Динка долго держала в руках эту книжку, ощущая тянущее беспокойство за судьбу «гуттаперчевого мальчика», потом, отложив ее в сторону, снова занялась поисками «Пещеры Лихтвейса». Но в это время в комнату вошла Мышка.
— Что это ты роешься тут? — с испугом спросила она. — Разве можно класть книги на пол? И руки у тебя, верно, грязные…
Динка показала руки. Мышка придирчиво и обиженно ткнула пальцем в темное пятно на ее ладони:
— А вот, вот!..
— Это ничего! Это сухая грязь… Не толкайся… Это же просто пыль, пыль! — защищаясь, кричала Динка. — Отстань от меня, какая… Гогша!
Динка не могла простить сестре ее дружбу с Тогой и, сердясь на нее, называла ее «Гогшей».
Но, когда дело касалось книг. Мышка становилась яростной.
— Ну и пускай я буду Гогша! А ты уходи! Не трогай!
Разбросала все! Зачем сама полезла? Лучше мне сказала бы! — чуть не плача, кричала она.
— Ну, дай сама! — не желая с ней ссориться, согласилась Динка. — Мне нужно «Пещеру Лихгвейса», — с трудом выговорила она.
Мышка сразу насторожилась.
— Я не знаю такой книги, — с удивлением сказала она.
— Ну, тогда, может, она на чердаке есть, в папиных книгах? — спросила Динка.
— Нет… Я там все знаю. Там уже я только одного Фореля не читала да еще всякие инженерные книги, а то все… — в недоумении протянула Мышка и, сморщив лоб, переспросила: — Как называется? Какая пещера?

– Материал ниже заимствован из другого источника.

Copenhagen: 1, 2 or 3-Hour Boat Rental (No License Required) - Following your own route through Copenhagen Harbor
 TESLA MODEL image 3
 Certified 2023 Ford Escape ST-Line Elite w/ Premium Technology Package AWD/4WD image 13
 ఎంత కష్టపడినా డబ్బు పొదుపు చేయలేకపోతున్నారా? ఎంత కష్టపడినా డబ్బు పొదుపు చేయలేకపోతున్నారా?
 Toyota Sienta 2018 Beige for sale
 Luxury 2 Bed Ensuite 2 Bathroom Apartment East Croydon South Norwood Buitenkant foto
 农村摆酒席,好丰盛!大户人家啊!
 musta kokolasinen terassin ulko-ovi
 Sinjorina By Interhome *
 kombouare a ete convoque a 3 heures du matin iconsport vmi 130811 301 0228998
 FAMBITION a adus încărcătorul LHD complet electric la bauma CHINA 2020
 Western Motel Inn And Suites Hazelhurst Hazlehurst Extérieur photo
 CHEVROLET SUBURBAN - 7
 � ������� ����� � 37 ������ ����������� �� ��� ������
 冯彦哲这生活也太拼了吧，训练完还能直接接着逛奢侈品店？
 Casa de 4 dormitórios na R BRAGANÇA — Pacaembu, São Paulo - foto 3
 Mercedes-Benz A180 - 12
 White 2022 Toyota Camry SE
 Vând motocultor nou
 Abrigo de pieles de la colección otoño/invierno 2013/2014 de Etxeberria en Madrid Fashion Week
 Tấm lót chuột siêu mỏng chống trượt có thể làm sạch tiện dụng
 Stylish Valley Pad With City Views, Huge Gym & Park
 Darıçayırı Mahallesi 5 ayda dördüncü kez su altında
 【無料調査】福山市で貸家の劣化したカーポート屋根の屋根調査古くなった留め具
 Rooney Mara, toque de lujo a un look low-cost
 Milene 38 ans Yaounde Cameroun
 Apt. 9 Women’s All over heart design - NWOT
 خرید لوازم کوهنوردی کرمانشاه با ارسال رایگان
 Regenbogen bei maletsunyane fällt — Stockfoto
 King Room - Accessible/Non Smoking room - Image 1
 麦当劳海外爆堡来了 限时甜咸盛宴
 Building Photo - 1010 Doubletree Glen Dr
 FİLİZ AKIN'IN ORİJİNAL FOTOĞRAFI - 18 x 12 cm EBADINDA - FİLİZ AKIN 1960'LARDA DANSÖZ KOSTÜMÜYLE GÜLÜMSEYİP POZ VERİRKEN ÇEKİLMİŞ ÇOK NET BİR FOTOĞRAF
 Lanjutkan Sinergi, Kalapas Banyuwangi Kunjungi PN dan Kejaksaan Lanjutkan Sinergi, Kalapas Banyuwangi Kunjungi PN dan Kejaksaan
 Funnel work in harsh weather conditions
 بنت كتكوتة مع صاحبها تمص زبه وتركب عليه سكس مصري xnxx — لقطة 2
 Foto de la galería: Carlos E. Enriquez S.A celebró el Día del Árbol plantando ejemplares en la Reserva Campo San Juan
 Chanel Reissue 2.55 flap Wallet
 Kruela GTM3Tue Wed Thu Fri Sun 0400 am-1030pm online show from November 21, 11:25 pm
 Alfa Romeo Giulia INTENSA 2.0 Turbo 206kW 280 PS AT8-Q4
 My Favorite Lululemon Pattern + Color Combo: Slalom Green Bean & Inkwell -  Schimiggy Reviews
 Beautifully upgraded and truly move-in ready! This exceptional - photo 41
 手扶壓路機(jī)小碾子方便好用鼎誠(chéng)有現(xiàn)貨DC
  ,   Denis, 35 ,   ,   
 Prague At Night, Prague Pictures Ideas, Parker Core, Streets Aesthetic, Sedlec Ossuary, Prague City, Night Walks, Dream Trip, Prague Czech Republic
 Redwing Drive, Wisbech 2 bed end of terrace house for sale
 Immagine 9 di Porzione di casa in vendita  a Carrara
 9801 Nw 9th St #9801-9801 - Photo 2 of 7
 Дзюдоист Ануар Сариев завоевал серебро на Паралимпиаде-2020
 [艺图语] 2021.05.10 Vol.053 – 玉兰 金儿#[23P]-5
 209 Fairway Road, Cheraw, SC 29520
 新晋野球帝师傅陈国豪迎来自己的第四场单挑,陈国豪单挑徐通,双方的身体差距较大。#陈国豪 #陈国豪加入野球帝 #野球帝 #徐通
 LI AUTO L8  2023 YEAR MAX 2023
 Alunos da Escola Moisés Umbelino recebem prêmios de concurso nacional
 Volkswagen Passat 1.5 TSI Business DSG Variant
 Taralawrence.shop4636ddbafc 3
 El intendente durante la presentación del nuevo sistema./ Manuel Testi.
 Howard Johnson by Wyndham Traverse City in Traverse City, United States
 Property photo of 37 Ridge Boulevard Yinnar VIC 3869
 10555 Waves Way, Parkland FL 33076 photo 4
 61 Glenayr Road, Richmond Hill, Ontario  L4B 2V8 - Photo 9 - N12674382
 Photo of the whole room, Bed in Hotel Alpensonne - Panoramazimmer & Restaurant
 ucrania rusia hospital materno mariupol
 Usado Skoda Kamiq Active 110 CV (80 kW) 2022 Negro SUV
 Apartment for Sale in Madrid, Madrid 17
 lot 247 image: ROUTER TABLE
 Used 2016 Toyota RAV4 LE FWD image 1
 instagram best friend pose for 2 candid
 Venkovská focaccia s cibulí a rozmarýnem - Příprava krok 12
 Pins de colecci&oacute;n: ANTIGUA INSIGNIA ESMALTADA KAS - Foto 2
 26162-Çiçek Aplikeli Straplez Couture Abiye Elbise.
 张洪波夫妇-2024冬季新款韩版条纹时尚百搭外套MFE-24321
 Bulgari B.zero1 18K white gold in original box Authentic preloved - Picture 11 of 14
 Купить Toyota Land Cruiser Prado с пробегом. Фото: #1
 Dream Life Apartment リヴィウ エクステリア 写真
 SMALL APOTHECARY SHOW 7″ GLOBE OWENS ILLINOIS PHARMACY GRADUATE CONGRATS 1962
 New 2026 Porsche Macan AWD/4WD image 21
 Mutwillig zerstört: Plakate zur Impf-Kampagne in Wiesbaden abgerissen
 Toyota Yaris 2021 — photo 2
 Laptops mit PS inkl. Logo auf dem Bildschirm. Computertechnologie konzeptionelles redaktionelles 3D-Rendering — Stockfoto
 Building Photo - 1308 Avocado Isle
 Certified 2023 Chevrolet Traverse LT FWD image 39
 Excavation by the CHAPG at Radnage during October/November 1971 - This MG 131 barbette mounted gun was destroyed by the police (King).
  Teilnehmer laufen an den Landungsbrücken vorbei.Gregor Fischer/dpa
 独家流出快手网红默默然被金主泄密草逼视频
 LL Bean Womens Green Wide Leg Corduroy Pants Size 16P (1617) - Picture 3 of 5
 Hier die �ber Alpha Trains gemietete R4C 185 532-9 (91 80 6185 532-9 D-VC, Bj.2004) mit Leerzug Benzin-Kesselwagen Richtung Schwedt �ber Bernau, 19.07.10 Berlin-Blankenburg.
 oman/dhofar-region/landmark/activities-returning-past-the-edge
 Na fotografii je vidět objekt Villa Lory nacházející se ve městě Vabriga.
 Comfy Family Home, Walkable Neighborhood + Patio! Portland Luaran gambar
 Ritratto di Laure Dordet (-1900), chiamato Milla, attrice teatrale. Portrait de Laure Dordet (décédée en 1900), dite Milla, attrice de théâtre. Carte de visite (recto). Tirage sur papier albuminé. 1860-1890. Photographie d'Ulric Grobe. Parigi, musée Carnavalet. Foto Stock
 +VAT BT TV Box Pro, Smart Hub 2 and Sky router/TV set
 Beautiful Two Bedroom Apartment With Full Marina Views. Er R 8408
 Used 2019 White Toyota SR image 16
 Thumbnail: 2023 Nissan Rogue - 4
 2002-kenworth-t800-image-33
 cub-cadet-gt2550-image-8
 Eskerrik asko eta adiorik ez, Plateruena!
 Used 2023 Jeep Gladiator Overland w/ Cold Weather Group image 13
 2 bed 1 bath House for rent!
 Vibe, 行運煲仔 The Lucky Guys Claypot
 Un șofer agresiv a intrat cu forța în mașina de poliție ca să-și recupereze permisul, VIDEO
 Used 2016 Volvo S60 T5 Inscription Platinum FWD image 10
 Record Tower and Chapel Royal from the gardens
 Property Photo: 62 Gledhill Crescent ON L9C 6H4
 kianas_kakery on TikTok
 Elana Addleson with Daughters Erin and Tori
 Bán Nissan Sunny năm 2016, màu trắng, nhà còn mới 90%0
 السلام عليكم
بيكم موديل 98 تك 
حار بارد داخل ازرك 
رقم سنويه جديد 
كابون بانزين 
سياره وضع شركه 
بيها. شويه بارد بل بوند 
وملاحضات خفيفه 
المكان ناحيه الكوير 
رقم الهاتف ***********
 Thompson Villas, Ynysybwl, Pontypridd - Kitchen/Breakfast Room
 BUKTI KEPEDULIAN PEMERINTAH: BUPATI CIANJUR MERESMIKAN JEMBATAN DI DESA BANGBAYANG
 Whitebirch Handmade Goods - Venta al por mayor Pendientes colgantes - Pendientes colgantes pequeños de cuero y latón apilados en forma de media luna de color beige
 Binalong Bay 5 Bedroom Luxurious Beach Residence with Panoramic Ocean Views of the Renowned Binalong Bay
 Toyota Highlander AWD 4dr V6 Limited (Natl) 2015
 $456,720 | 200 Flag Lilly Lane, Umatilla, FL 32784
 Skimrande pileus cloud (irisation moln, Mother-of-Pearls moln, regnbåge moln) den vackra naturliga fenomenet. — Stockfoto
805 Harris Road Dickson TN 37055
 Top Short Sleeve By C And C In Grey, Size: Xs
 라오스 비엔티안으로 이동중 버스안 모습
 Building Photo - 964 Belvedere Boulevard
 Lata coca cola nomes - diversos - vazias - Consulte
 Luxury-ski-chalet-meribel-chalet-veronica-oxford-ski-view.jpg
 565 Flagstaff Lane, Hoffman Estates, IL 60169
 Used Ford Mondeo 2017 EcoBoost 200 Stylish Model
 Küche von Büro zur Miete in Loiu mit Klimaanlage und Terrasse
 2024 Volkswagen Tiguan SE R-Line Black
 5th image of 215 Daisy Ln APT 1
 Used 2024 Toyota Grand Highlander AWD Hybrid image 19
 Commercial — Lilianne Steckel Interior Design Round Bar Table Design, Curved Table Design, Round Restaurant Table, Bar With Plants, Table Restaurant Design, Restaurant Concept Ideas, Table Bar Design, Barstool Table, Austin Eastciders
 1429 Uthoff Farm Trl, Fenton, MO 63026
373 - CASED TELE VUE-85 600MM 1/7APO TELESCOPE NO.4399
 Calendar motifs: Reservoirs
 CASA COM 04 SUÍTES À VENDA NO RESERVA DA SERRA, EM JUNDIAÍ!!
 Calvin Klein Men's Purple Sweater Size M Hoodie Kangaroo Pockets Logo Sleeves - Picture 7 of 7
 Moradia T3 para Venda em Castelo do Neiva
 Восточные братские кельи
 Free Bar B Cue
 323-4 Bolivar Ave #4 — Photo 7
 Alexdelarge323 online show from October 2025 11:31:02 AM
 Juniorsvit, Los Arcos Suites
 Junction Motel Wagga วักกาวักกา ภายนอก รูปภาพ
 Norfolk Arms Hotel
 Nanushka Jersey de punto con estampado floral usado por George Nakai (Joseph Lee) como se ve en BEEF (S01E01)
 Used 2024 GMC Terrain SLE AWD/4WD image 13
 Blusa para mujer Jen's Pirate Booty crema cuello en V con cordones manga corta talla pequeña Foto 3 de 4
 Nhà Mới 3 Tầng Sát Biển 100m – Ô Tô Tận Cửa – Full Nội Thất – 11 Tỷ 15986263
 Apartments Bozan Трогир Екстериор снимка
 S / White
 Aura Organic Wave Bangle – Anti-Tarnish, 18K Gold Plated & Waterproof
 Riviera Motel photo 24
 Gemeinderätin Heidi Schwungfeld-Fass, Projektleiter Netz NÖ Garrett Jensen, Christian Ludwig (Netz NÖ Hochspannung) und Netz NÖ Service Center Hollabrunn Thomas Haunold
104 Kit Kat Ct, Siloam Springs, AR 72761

— «Пещера Лихтвейса», выпуск пять копеек, — пояснила по складам Динка.
— Выпуск пять копеек? Ой, подожди… Я один раз купила такую книжку. Это, может быть, Нат Пинкертон? — озабоченно спросила Мышка.
— Нет, я же тебе говорю: «Пещера Лихтвейса». Но если у тебя ее нет, так давай хоть Нат Пинкертона! — соглашается Динка и, чтоб вызвать сочувствие сестры, добавляет: — Это для одной сироты!
— Да у меня давно уже нет этой книжки, я ее сейчас же выбросила. Мама сказала, что такую гадость противно взять в руки!
— Да, мне тоже не очень понравилось. Там все какое-то ненастоящее… Но этот мальчик хочет все-таки почитать!
— Не надо! Я лучше дам ему другую книжку, настоящую. Я поищу что-нибудь хорошее, — пообещала Мышка.
Глава двадцать девятая
ОБЩАЯ ЛЮБИМИЦА
— Принимайте гостью-то! Два часа ребенок в калитку колотит, а они как глухие! — крикнула из сада Лина.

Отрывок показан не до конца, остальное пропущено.